(EXERCISE AIM)
Find "Nature Strong Nail" and "Rolex Datejust Steel" in the records below. Copy the lines holding them and every line between, exactly, and no others.

··· SUPPLIED ENTRIES ···

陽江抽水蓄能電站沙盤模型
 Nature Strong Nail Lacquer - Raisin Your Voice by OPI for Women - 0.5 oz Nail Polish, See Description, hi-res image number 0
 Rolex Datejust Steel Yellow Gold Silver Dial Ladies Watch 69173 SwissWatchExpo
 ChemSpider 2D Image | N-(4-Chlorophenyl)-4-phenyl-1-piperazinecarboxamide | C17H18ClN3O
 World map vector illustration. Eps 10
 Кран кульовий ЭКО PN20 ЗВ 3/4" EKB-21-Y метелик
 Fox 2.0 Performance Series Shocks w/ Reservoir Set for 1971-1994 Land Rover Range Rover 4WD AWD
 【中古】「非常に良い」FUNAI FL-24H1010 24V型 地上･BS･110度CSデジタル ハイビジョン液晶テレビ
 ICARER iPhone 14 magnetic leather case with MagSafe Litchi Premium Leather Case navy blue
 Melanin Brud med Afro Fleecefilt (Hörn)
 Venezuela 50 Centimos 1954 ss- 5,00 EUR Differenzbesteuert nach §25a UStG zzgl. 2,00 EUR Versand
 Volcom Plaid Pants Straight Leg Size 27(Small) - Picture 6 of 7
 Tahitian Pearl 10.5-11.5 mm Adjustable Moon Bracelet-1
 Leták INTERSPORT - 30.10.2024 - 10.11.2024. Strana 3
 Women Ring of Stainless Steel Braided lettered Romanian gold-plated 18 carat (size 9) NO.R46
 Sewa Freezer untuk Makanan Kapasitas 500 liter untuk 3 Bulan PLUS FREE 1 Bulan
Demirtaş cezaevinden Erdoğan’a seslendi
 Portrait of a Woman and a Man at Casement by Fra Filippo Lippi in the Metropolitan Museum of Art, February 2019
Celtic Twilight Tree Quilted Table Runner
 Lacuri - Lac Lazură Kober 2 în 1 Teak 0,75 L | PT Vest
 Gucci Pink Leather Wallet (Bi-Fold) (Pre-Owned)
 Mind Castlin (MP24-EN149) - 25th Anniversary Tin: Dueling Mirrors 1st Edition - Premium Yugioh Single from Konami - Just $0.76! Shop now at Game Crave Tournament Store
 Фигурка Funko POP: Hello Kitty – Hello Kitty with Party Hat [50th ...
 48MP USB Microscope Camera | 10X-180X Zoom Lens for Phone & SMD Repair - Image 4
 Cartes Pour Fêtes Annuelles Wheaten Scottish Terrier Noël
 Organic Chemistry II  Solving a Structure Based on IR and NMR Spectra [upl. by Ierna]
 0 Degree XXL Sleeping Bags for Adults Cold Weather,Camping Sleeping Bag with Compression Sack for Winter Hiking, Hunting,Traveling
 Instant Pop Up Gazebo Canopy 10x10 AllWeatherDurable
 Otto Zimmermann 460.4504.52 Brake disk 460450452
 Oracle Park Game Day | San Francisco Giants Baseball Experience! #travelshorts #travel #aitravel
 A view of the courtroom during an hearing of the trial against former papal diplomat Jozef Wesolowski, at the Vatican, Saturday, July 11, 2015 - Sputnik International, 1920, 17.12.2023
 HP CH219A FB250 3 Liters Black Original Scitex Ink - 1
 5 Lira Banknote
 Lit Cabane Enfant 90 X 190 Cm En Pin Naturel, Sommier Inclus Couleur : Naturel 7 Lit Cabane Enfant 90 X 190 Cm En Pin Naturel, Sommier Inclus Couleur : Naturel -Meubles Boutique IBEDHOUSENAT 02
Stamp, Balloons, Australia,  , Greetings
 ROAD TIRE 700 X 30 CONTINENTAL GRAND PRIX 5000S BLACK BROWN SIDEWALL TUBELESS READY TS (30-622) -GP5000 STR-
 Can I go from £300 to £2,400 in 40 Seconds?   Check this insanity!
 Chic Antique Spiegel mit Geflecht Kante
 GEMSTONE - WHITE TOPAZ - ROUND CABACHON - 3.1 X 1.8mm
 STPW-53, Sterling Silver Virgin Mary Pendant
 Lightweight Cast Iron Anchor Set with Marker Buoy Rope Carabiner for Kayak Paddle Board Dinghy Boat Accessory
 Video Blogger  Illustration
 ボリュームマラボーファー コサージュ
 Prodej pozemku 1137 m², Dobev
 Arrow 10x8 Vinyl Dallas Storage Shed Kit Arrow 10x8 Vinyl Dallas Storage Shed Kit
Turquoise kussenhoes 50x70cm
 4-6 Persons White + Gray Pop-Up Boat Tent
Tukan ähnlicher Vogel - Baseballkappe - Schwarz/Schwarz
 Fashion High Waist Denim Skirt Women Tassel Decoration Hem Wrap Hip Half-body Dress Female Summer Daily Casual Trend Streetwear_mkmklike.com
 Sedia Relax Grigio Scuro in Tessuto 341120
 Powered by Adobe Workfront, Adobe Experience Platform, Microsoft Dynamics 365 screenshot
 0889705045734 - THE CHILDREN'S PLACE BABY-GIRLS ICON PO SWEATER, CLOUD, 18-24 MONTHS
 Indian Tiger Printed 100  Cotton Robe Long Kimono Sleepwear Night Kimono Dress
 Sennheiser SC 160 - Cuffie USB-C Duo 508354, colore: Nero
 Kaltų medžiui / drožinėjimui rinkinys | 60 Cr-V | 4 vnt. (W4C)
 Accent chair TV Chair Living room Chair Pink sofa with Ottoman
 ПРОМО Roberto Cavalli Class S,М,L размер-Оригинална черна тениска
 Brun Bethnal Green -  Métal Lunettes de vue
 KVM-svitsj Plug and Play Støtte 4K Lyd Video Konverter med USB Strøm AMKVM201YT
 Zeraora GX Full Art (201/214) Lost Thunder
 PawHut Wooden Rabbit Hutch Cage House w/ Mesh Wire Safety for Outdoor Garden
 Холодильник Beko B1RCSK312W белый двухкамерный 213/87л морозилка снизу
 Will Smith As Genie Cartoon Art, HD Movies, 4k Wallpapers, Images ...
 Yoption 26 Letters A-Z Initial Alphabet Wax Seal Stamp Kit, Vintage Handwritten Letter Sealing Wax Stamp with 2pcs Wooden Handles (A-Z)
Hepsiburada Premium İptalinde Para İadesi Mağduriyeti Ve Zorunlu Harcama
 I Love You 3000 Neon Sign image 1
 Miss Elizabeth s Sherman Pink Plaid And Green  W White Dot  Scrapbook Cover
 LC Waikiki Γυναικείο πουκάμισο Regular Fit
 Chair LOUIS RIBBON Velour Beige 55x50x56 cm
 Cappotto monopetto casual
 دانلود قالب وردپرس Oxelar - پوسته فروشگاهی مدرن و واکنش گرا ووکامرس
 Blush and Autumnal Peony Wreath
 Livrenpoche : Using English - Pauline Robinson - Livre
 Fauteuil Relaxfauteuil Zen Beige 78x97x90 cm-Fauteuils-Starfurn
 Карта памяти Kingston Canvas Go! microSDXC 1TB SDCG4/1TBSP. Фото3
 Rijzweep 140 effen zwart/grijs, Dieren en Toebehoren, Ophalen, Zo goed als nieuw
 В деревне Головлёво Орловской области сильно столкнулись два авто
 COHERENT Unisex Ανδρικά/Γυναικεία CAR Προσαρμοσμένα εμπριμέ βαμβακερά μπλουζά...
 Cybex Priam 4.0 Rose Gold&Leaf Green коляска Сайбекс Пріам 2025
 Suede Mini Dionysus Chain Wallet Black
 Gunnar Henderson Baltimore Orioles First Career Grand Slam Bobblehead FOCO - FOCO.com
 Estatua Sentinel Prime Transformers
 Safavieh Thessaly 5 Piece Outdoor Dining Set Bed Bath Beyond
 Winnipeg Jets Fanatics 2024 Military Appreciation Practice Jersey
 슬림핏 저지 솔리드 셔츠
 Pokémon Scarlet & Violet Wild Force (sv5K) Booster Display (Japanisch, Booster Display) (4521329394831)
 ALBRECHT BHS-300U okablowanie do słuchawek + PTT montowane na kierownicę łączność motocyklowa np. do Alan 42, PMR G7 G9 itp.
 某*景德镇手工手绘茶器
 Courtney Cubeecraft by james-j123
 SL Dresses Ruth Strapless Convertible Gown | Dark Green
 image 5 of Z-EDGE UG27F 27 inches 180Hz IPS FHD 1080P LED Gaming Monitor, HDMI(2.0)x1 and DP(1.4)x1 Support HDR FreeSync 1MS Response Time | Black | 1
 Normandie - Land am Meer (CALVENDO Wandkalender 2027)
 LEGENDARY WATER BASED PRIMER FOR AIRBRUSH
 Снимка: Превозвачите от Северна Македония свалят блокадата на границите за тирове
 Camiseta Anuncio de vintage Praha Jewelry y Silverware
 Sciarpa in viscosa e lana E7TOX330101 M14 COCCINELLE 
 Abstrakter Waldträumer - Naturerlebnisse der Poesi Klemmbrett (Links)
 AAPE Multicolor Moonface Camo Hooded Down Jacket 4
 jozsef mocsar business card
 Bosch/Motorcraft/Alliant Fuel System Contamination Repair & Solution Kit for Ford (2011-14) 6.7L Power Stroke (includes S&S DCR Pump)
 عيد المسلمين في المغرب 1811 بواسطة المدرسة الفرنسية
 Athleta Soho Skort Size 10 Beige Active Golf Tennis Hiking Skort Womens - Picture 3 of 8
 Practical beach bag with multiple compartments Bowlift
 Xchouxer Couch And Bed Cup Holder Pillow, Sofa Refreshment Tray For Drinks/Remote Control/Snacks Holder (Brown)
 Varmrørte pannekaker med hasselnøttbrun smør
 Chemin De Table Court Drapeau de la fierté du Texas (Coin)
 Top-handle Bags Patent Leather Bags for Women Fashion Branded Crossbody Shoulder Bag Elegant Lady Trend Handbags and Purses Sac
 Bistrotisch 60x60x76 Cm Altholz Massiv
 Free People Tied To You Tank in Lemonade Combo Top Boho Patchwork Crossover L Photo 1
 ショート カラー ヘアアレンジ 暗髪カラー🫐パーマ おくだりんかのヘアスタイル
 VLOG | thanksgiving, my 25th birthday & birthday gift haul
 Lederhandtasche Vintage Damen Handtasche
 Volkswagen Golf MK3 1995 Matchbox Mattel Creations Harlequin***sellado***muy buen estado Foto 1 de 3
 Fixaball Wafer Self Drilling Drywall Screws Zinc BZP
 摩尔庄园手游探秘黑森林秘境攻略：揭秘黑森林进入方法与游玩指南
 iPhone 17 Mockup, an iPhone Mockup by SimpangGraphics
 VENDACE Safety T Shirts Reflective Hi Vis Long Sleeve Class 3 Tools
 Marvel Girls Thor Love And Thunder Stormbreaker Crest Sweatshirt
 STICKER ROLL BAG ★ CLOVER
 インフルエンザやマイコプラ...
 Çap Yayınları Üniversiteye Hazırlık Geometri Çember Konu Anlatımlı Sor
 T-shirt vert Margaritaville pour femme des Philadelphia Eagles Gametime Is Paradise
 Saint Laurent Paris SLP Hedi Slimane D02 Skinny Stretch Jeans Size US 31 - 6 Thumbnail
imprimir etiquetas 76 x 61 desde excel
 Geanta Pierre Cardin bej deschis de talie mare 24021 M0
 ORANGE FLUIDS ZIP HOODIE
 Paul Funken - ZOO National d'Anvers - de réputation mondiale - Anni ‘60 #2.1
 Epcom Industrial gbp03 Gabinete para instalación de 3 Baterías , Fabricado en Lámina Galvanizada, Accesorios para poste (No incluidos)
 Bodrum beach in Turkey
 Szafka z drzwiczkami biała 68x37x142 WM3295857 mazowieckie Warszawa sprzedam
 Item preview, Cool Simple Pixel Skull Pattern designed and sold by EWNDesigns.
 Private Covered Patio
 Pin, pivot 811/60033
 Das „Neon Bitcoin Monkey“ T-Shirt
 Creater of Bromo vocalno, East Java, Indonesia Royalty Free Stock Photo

···

(RESPONSE TO THIS EXERCISE)
 Nature Strong Nail Lacquer - Raisin Your Voice by OPI for Women - 0.5 oz Nail Polish, See Description, hi-res image number 0
 Rolex Datejust Steel Yellow Gold Silver Dial Ladies Watch 69173 SwissWatchExpo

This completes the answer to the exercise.